Real marriage is what made civilization possible. Once we denigrate it to just one acceptable choice among many, we will very quickly kiss civilization goodbye. Humans are not spiritual human beings trapped in flawed flesh. We are a unity of body and soul. Our bodies reflect who we ARE. It is not an arbitrary coincidence that two gay men are unable to create new life, it is a marker of what is fundamentally missing compared to an actually married couple. An infertile hetero couple is not the same because their infertility is based on an incidental defect, not a characteristic of their nature.
 
It is sometimes said that the government should get out of the “marriage business.” Then why are homosexuals persons trying to get governmental approval for their relationships by putting this issue on the ballot? As a friend of mine said, “Why do they need my approval?”
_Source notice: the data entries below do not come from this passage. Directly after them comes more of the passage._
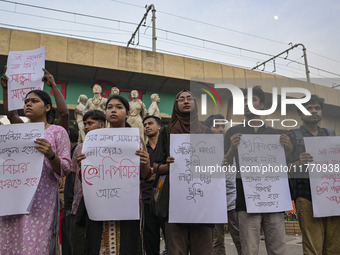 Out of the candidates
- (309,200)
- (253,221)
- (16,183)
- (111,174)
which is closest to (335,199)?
(309,200)

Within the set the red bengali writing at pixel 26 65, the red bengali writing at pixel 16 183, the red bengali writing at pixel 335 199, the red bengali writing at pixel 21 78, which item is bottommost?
the red bengali writing at pixel 335 199

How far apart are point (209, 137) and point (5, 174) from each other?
1.50 meters

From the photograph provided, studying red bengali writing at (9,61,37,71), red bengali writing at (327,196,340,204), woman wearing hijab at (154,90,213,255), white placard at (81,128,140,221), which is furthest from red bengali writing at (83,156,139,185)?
red bengali writing at (327,196,340,204)

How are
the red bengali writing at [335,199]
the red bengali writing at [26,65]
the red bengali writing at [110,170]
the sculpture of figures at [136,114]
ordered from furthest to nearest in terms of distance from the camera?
the sculpture of figures at [136,114] < the red bengali writing at [26,65] < the red bengali writing at [335,199] < the red bengali writing at [110,170]

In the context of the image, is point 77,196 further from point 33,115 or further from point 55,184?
point 33,115

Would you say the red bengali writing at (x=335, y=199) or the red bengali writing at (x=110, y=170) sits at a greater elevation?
the red bengali writing at (x=110, y=170)

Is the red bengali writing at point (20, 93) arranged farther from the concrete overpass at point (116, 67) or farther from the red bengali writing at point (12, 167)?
the concrete overpass at point (116, 67)

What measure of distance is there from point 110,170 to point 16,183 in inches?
24.5

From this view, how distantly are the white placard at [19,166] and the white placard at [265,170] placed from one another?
62.5 inches

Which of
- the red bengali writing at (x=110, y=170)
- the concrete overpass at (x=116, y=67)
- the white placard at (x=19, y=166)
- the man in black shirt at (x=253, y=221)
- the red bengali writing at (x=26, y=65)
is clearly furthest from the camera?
the concrete overpass at (x=116, y=67)

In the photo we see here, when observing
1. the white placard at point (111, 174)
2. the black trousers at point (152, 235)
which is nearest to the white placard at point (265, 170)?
the white placard at point (111, 174)

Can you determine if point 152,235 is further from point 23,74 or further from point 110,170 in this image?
point 23,74

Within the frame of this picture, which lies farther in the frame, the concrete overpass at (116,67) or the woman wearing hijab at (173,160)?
the concrete overpass at (116,67)

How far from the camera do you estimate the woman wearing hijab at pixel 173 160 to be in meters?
2.19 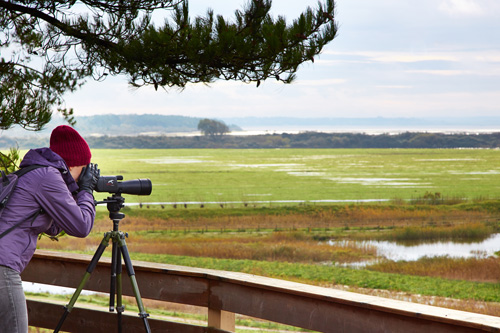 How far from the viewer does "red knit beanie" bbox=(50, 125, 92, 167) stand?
1.90 m

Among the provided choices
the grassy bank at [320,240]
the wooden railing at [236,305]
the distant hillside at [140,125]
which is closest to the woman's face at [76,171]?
the wooden railing at [236,305]

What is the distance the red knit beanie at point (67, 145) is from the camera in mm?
1896

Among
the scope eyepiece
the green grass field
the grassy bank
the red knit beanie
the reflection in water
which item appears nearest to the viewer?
the red knit beanie

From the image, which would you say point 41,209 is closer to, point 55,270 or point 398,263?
point 55,270

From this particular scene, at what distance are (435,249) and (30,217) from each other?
3166 cm

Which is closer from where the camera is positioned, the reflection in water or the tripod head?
the tripod head

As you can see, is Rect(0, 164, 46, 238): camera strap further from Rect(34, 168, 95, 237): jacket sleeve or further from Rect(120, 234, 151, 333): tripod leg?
Rect(120, 234, 151, 333): tripod leg

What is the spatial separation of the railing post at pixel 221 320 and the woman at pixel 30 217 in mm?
754

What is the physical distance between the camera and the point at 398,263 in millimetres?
28094

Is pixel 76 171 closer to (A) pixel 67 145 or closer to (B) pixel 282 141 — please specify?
(A) pixel 67 145

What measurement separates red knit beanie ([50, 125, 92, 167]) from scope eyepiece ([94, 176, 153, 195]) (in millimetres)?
219

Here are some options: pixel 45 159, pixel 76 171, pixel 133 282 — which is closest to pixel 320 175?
pixel 133 282

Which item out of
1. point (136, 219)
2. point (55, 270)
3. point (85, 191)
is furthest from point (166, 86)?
point (136, 219)

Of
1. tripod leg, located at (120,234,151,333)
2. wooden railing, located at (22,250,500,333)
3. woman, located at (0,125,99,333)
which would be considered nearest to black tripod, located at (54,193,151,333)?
tripod leg, located at (120,234,151,333) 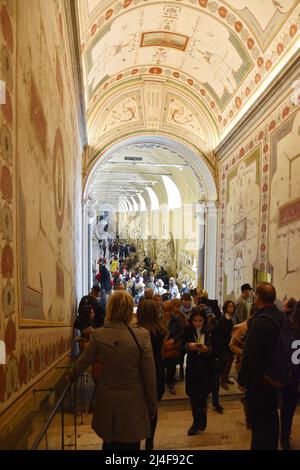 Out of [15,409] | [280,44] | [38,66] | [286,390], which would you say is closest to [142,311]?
[15,409]

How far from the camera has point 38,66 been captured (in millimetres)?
2939

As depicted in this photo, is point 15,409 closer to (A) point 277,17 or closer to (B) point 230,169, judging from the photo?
(A) point 277,17

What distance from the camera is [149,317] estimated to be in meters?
3.08

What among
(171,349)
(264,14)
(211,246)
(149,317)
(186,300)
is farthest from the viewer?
(211,246)

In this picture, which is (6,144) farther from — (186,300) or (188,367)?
(186,300)

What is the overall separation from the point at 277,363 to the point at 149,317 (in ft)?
3.89

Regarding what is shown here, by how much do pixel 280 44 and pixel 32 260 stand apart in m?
7.31

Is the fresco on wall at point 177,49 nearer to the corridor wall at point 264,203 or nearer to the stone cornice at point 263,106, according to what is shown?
A: the stone cornice at point 263,106

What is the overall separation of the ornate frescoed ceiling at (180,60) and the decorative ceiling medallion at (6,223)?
19.6ft

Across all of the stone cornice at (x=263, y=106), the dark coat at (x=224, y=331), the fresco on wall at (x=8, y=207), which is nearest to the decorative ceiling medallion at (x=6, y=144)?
the fresco on wall at (x=8, y=207)

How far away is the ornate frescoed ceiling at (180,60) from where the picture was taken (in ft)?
23.5

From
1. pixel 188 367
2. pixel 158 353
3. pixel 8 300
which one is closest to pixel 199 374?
pixel 188 367

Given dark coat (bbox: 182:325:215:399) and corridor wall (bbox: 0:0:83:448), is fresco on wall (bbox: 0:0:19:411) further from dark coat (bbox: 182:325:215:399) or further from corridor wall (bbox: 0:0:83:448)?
dark coat (bbox: 182:325:215:399)

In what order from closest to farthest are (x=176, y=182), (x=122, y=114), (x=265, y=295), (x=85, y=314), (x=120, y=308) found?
1. (x=120, y=308)
2. (x=265, y=295)
3. (x=85, y=314)
4. (x=122, y=114)
5. (x=176, y=182) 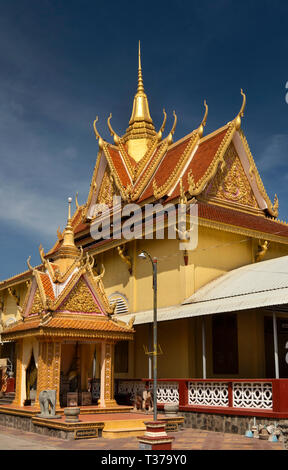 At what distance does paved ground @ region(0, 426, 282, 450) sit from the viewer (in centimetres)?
990

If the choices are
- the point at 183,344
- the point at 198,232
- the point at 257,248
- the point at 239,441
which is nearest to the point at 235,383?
the point at 239,441

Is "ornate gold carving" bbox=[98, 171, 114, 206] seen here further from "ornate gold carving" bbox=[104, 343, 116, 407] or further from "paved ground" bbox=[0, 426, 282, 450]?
"paved ground" bbox=[0, 426, 282, 450]

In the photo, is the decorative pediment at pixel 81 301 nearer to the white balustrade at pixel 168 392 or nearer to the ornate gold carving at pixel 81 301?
the ornate gold carving at pixel 81 301

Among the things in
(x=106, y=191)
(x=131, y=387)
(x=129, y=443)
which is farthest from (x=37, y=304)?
(x=106, y=191)

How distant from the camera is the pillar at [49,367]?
12.9m

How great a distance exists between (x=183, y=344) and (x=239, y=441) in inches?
218

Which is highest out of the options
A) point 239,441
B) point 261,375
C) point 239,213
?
point 239,213

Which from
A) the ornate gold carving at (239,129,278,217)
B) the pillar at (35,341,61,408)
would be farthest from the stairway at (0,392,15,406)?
the ornate gold carving at (239,129,278,217)

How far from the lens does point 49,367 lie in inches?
513

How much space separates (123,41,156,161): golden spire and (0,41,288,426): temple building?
0.28m

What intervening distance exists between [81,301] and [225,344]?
508 centimetres

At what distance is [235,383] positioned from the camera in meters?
12.4

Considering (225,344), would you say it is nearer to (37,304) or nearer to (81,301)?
(81,301) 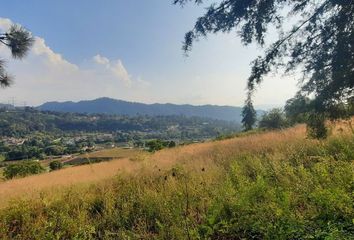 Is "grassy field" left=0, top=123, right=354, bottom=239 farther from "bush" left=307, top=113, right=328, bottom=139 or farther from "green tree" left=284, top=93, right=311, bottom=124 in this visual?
"green tree" left=284, top=93, right=311, bottom=124

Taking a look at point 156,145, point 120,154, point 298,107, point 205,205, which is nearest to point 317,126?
point 298,107

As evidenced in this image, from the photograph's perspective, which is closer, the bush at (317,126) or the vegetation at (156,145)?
the bush at (317,126)

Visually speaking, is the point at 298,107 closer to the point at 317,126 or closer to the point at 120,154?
the point at 317,126

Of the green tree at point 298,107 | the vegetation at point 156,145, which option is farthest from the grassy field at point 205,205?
the vegetation at point 156,145

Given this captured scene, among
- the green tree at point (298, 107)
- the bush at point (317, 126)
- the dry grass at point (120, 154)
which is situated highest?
the green tree at point (298, 107)

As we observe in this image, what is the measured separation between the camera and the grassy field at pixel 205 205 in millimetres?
4191

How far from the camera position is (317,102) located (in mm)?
7223

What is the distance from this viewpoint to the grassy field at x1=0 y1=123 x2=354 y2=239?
165 inches

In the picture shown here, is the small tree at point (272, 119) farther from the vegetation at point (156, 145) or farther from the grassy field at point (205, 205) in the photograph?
the grassy field at point (205, 205)

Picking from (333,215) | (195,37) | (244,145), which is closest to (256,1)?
(195,37)

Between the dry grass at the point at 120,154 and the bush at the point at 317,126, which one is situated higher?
the bush at the point at 317,126

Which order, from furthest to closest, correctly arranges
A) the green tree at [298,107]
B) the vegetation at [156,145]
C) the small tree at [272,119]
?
the small tree at [272,119] → the vegetation at [156,145] → the green tree at [298,107]

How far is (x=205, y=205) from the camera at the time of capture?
573 centimetres

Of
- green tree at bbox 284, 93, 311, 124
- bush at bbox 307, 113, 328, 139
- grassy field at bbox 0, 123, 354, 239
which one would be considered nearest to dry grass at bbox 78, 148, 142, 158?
grassy field at bbox 0, 123, 354, 239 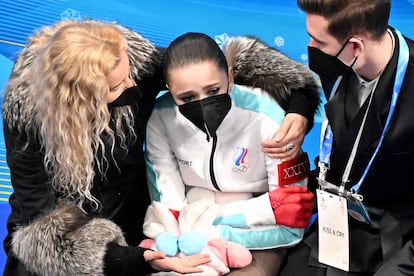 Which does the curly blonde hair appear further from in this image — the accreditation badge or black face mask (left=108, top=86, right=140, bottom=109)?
the accreditation badge

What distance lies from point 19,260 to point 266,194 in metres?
0.79

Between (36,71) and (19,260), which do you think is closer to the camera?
(36,71)

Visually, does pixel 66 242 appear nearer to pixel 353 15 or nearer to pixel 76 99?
pixel 76 99

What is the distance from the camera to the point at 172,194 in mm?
1776

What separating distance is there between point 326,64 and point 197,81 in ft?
1.17

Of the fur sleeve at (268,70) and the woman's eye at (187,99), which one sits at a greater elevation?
the fur sleeve at (268,70)

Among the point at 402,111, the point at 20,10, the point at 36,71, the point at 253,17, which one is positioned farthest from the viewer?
the point at 253,17

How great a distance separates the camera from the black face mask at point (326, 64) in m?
1.54

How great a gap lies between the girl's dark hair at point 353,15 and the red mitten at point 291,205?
473 mm

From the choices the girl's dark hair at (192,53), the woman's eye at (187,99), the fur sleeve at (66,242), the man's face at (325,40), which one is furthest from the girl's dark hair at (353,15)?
the fur sleeve at (66,242)

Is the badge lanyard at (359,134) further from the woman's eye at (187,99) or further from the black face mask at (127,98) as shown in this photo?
the black face mask at (127,98)

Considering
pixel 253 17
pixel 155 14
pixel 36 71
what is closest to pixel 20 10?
pixel 155 14

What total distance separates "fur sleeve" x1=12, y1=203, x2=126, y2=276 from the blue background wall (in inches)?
63.5

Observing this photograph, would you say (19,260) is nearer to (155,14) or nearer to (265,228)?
(265,228) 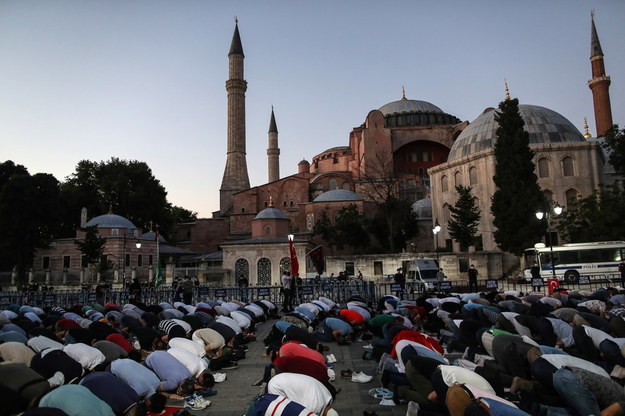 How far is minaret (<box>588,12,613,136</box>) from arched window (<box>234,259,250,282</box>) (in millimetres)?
32123

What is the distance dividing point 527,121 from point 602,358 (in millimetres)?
27070

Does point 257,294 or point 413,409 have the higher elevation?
point 257,294

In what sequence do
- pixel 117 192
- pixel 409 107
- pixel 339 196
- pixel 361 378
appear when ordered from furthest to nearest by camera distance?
pixel 409 107
pixel 117 192
pixel 339 196
pixel 361 378

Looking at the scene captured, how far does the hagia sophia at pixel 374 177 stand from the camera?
27609 mm

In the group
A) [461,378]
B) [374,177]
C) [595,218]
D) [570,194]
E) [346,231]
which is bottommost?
[461,378]

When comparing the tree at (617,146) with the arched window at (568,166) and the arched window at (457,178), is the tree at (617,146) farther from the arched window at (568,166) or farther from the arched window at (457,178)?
the arched window at (457,178)

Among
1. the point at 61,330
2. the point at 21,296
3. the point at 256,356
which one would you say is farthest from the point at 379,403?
the point at 21,296

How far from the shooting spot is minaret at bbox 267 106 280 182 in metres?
60.5

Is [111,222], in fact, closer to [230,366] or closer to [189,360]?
[230,366]

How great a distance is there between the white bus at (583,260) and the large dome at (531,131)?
10191 mm

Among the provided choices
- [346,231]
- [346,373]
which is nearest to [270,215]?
[346,231]

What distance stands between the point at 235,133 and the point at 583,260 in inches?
1302

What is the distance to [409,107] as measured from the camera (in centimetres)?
5350

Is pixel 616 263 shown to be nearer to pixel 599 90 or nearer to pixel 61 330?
pixel 61 330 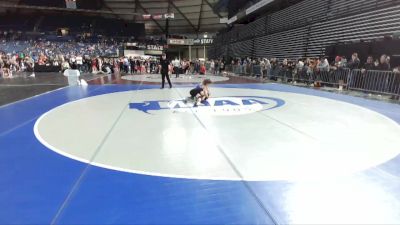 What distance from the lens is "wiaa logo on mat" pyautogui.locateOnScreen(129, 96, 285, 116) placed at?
7621 millimetres

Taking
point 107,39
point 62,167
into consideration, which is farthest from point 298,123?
point 107,39

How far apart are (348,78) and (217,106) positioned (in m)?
7.29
The other argument put forward (and I saw it on TV) was a lesbian couple announcing that they were “equal” now that they could be legally married in their particular location. Equal in what way? How did their relationship change the day they received governmental recognition?

Then some are trying to lead us to believe that heterosexual and gay couples both love each other and are committed to one another in the same way. According to the New York Times, there is evidence this is not the case for many successful gay marriages.

nytimes.com/2010/01/29/us/29sfmetro.html

And there is a plan for what happens after gay marriage:

firstthings.com/onthesquare/2006/08/robert-george-beyond-gay-marri

Peace,
Ed
 
It is sometimes said that the government should get out of the “marriage business.” Then why are homosexuals persons trying to get governmental approval for their relationships by putting this issue on the ballot? As a friend of mine said, “Why do they need my approval?”

The other argument put forward (and I saw it on TV) was a lesbian couple announcing that they were “equal” now that they could be legally married in their particular location. Equal in what way? How did their relationship change the day they received governmental recognition?

Then some are trying to lead us to believe that heterosexual and gay couples both love each other and are committed to one another in the same way. According to the New York Times, there is evidence this is not the case for many successful gay marriages.

nytimes.com/2010/01/29/us/29sfmetro.html

And there is a plan for what happens after gay marriage:

firstthings.com/onthesquare/2006/08/robert-george-beyond-gay-marri
Peace,
Ed
I agree. I don’t want to be the conspiracy theorist but I don’t think it takes a lot of brains to see the end goal of the real activists is to change religion or destroy any religion that won’t change its view of homosexual acts. They want acceptance not tolerance. They have tolerance right now although I believe there are areas we could work to make things easier on them such as visitation rights are concerned in hospitals and other legal document issues.